Briefing Room—March 17, 2025
This week we discuss President Trump mothballing Voice of America, J.D. Vance on why Europe needs to remember its Christian roots, Canada’s “trade war” with America, St. Patrick, and more!
VOICE OF AMERICA WAS OUTDATED TECHNOLOGY. On Friday, President Trump maximally reduced the activities of the United States Agency for Global Media, an umbrella organization including major platforms such as Voice of America and Radio Free Europe/Radio Liberty. For Cold War buffs, Voice of America or RFE/RL might bring back halcyon memories of America’s stalwart determination to beam media from a Western perspective into the Eastern bloc countries, and into Communist-controlled countries throughout the world.
Putatively VOA existed to broadcast America’s long-term viewpoints into countries throughout the world. But VOA had long since ceased to be that. “From top-to-bottom,” said USAGM and its senior adviser Kari Lake in a press release, “this agency is a giant rot and burden to the American taxpayer—a national security risk for this nation—and irretrievably broken. While there are bright spots within the agency with personnel who are talented and dedicated public servants, this is the exception rather than the rule.”
Over decades, projects like VOA (and related initiatives like USAID) came to view themselves as immune to oversight from the current political administration. Now if American foreign policy were operating on a coherent long-term strategy, with clear goals and a widely supported, cross-partisan effort to support those goals, such consistency would be fine.

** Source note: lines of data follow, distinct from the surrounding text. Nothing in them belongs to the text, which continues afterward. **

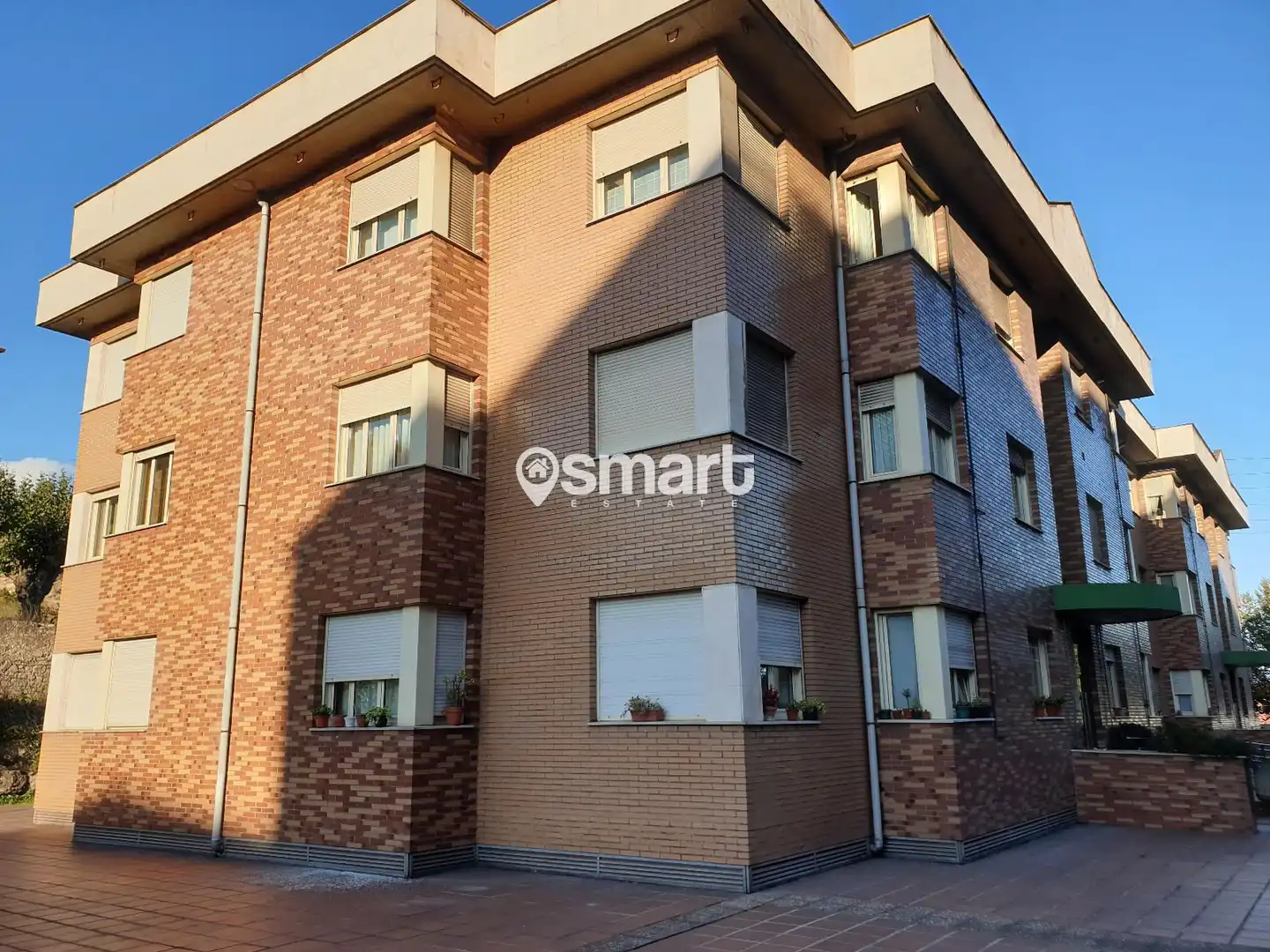 Vista exterior de Piso en venta en Gijón  con Trastero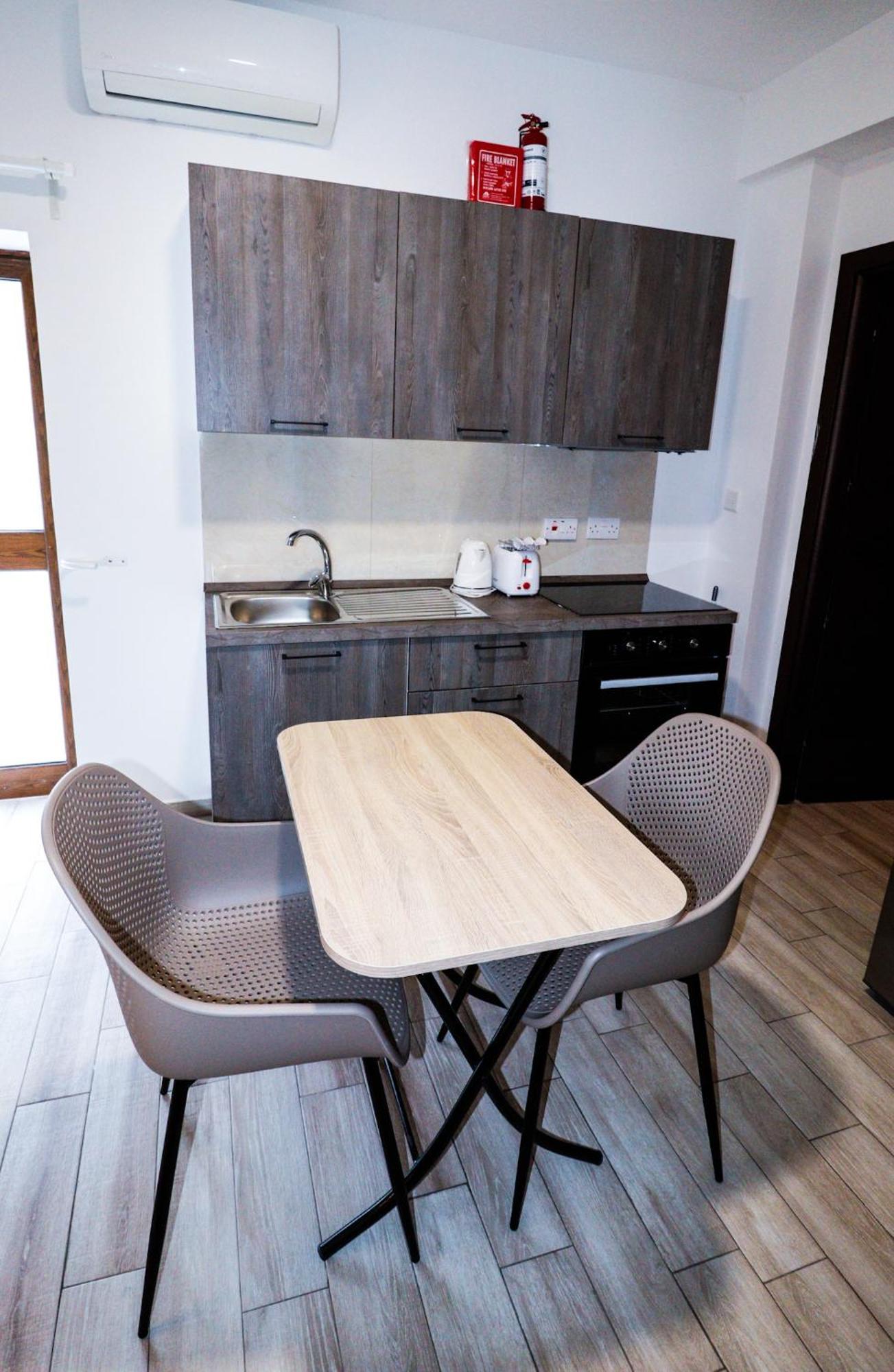 Napoli Suites Studios Aparthotel Saint Julian's Bagian luar foto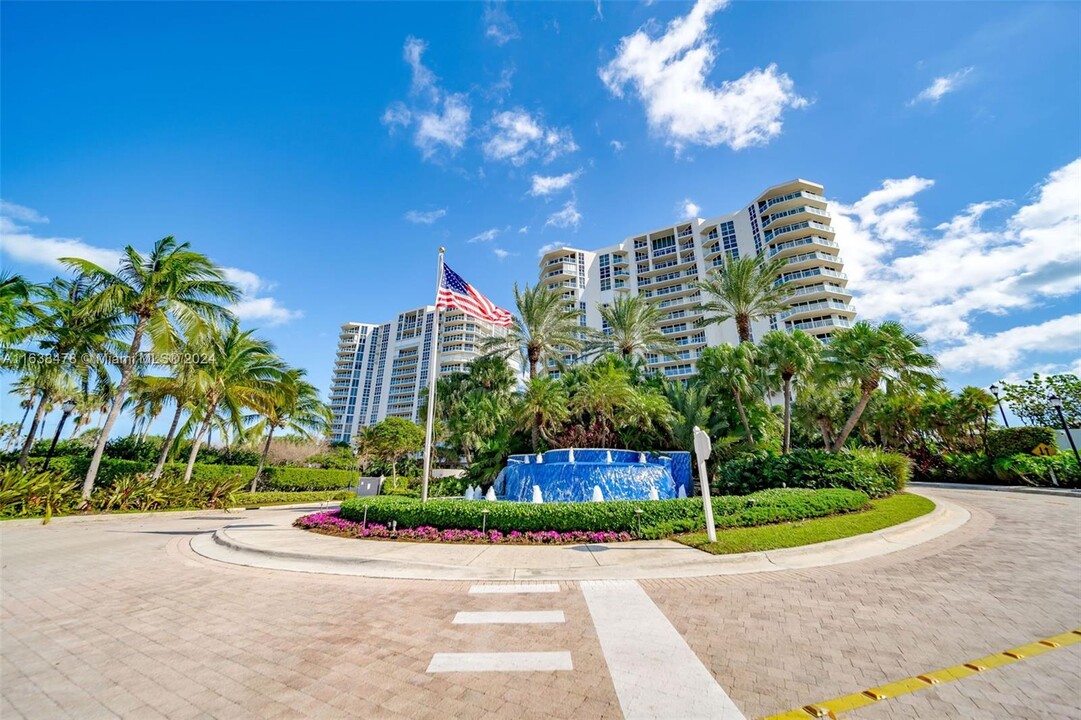 6001 N Ocean Dr in Hollywood, FL - Foto de edificio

But what we are seeing is that President Trump doesn’t simply want to shift American foreign policy a bit one way or the other, but that he wants to recreate it for much better competition in the new, multipolar world. Doing that will require returning to our fundamental values and sources of strength, not just more of the same. Hence, no VOA. —GJP
EUROPE HAS TO STOP ITS OWN “CIVILIZATIONAL SUICIDE,” said the vice president in a Thursday interview with Laura Ingraham. J. D. Vance returned to the themes of his speech at the Munich Security Conference, when he had chided European nations for abandoning their identities in favor of mass migration and an ever-present security discourse. After that, some Europeans concluded that the United States was rejecting the idea of an alliance based on shared values...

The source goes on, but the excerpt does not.